- EXERCISE:
Your answer should be the lines below from the one holding "ИССЛЕДОВАТЕЛЬСКАЯ РАБОТА Изучение" through the one holding "3714 Biltmore Orchid Yellow and Rust", copied exactly and with nothing else.

- TASK INPUTS:

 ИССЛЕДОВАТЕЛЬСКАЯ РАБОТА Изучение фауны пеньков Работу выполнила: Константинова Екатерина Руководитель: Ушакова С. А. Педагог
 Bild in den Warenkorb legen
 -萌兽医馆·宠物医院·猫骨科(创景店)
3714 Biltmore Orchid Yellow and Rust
* * *
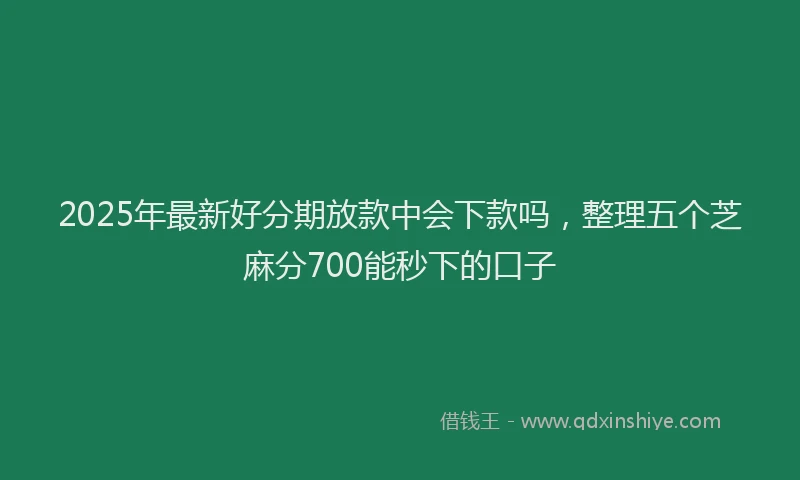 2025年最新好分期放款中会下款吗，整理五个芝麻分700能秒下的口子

- SOLUTION BELOW:
 ИССЛЕДОВАТЕЛЬСКАЯ РАБОТА Изучение фауны пеньков Работу выполнила: Константинова Екатерина Руководитель: Ушакова С. А. Педагог
 Bild in den Warenkorb legen
 -萌兽医馆·宠物医院·猫骨科(创景店)
3714 Biltmore Orchid Yellow and Rust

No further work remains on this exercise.